Video Length Constraints#

Qwen3-VL-Embedding is optimized for short-to-medium video clips. The model samples frames at a configurable FPS with a maximum frame limit.

Default settings:

  • Sample at 1 FPS with a maximum of 64 frames

  • Total token budget: ~4,500 tokens (~9.2M pixels)

At the default 1 FPS with 64 max frames, you’re effectively limited to ~64 seconds of video.

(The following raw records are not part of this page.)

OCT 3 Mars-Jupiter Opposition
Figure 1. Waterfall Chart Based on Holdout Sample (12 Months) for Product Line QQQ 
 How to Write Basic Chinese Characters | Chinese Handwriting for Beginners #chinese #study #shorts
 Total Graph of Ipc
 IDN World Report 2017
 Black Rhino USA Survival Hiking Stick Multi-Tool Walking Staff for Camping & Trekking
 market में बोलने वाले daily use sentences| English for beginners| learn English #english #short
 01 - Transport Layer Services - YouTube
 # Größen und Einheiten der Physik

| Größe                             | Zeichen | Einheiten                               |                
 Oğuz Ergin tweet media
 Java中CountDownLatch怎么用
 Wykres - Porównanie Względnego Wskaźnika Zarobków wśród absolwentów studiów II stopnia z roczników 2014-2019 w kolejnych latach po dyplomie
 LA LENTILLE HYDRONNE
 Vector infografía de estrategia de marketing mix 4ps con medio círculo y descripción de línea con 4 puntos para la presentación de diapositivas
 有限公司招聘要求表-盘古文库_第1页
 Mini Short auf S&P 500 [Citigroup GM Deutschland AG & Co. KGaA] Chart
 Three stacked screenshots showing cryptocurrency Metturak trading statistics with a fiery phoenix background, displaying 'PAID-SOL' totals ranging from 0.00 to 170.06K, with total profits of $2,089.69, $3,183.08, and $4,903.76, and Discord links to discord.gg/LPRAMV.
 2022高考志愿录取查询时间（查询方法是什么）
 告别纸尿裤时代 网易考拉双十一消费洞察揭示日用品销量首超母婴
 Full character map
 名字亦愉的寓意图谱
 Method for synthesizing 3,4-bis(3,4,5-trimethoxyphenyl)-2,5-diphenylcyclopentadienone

You can trade off temporal resolution for duration:

FPS

Max Duration

Temporal Detail

2.0

~32 sec

Higher

1.0

~64 sec

Medium

0.5

~128 sec

Lower

0.25

~256 sec

Minimal

For longer videos, consider:

  • Reducing FPS to capture more duration

  • Segmenting videos and embedding chunks separately

  • Using the model on key segments or clips

# Example: Lower FPS for longer videos
model = foz.load_zoo_model(
    "Qwen/Qwen3-VL-Embedding-2B",
    fps=0.5,      # Sample every 2 seconds
    max_frames=64
)

Dependencies#

fiftyone
huggingface-hub
transformers
torch
torchvision
qwen-vl-utils
decord

License#

This FiftyOne integration is released under the Apache 2.0 license.

The Qwen3-VL-Embedding model weights are released under the Apache 2.0 license.

Citation#

If you use Qwen3-VL-Embedding in your research, please cite:

@article{qwen3vlembedding,
  title={Qwen3-VL-Embedding and Qwen3-VL-Reranker: A Unified Framework for State-of-the-Art Multimodal Retrieval and Ranking},
  author={Li, Mingxin and Zhang, Yanzhao and Long, Dingkun and Chen, Keqin and Song, Sibo and Bai, Shuai and Yang, Zhibo and Xie, Pengjun and Yang, An and Liu, Dayiheng and Zhou, Jingren and Lin, Junyang},
  journal={arXiv},
  year={2026}
}